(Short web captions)
□ □ □ □

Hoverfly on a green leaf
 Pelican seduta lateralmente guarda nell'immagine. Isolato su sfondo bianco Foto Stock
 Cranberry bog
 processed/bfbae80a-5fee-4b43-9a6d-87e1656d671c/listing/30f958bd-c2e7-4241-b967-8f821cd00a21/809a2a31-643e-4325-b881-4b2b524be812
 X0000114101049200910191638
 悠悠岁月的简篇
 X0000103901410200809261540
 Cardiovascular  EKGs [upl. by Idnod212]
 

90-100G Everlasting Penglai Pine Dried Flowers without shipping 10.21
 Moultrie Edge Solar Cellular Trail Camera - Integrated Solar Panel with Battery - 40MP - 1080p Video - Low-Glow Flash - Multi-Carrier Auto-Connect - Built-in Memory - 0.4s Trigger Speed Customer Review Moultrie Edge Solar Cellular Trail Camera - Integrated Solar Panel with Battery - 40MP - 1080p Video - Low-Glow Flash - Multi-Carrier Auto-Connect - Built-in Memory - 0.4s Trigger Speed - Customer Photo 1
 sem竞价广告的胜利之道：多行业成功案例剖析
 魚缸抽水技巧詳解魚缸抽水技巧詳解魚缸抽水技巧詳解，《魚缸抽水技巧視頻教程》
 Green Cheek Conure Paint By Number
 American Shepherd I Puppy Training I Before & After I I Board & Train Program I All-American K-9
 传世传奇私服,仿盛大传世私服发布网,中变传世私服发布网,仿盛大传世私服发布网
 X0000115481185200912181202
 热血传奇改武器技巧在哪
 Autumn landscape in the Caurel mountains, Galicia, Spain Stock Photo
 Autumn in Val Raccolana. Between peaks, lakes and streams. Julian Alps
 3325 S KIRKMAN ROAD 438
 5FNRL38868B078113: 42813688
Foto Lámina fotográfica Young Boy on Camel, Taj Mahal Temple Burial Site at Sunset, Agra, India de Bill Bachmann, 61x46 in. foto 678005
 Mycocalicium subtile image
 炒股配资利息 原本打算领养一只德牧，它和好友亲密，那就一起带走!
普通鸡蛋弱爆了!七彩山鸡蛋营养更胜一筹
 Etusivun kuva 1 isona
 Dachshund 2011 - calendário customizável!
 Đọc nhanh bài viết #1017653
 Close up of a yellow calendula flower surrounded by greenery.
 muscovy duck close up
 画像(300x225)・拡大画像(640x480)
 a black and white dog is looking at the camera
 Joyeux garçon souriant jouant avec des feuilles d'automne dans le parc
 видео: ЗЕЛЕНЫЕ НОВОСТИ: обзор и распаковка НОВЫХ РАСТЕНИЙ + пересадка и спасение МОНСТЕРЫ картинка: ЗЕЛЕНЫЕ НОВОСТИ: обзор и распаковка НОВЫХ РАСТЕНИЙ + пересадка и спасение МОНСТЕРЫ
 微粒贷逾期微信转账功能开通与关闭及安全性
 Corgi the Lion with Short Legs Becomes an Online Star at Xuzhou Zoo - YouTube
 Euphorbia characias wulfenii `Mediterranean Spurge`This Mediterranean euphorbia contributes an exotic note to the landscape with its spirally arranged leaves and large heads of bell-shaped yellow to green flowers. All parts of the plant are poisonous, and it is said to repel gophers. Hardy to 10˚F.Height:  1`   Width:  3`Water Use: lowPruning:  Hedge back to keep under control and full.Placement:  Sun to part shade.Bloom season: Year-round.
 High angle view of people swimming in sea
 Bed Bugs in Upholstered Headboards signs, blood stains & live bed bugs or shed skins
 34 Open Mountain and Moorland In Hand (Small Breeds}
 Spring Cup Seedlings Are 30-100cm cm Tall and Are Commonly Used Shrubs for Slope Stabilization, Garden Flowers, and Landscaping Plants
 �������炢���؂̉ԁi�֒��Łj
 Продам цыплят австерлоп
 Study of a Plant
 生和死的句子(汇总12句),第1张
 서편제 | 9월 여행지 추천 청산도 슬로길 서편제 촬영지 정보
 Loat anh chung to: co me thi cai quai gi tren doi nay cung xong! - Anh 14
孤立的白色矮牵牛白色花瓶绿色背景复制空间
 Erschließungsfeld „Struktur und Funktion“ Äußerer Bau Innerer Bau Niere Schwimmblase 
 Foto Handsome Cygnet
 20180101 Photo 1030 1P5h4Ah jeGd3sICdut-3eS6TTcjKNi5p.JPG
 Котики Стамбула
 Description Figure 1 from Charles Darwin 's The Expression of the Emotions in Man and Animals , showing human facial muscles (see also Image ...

□ □ □ □

* _What to do_:
Select and copy each line from the data that includes the word "Photo".

* _Solution to this problem_:
 Moultrie Edge Solar Cellular Trail Camera - Integrated Solar Panel with Battery - 40MP - 1080p Video - Low-Glow Flash - Multi-Carrier Auto-Connect - Built-in Memory - 0.4s Trigger Speed Customer Review Moultrie Edge Solar Cellular Trail Camera - Integrated Solar Panel with Battery - 40MP - 1080p Video - Low-Glow Flash - Multi-Carrier Auto-Connect - Built-in Memory - 0.4s Trigger Speed - Customer Photo 1
 Autumn landscape in the Caurel mountains, Galicia, Spain Stock Photo
 20180101 Photo 1030 1P5h4Ah jeGd3sICdut-3eS6TTcjKNi5p.JPG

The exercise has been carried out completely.